(Extracted data entries)

++++

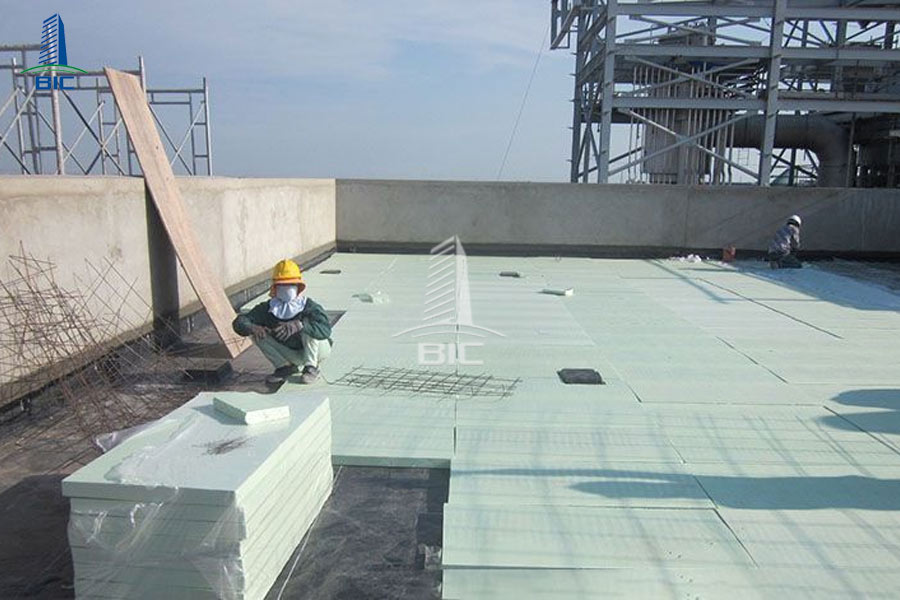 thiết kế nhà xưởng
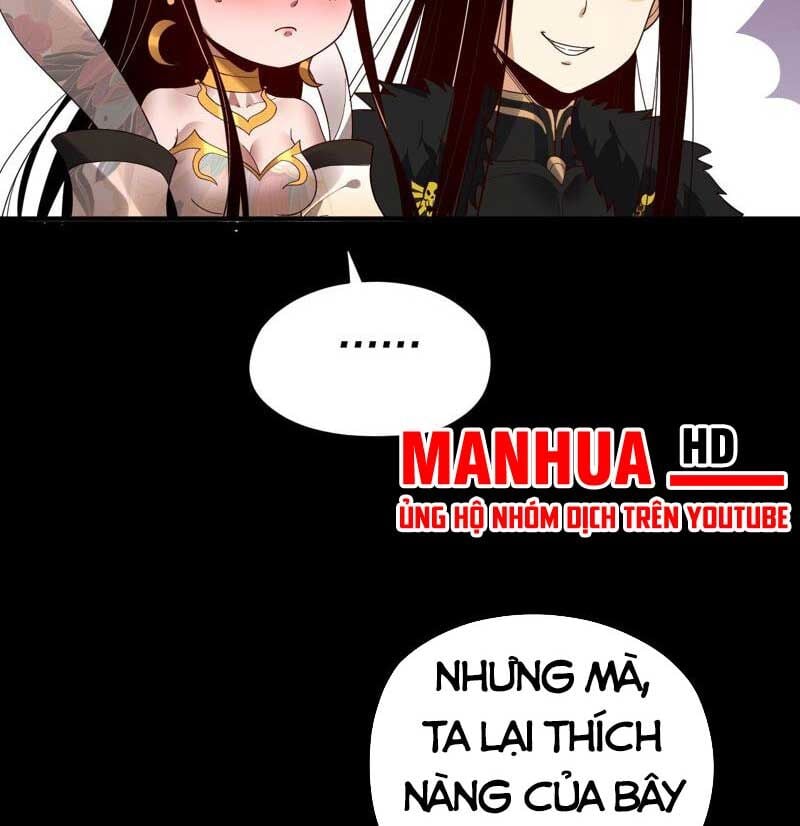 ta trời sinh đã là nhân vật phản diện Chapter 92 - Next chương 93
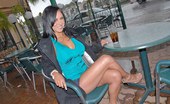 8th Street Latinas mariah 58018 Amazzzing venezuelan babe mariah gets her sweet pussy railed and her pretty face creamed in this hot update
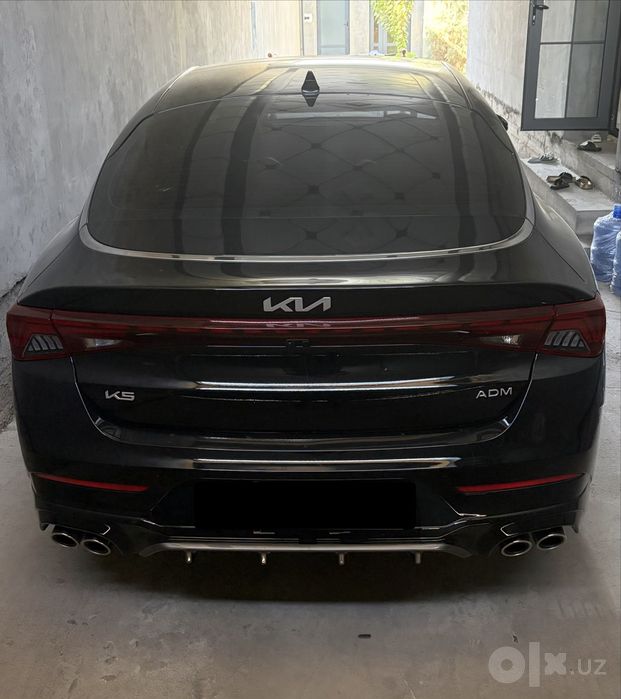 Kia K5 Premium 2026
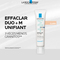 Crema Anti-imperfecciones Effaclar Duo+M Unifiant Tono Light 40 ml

++++

WORK ORDER:
Without including any picture, restate every entry above exactly.

SOLUTION TO THIS PROBLEM:
 thiết kế nhà xưởng
 ta trời sinh đã là nhân vật phản diện Chapter 92 - Next chương 93
 8th Street Latinas mariah 58018 Amazzzing venezuelan babe mariah gets her sweet pussy railed and her pretty face creamed in this hot update
 Kia K5 Premium 2026
 Crema Anti-imperfecciones Effaclar Duo+M Unifiant Tono Light 40 ml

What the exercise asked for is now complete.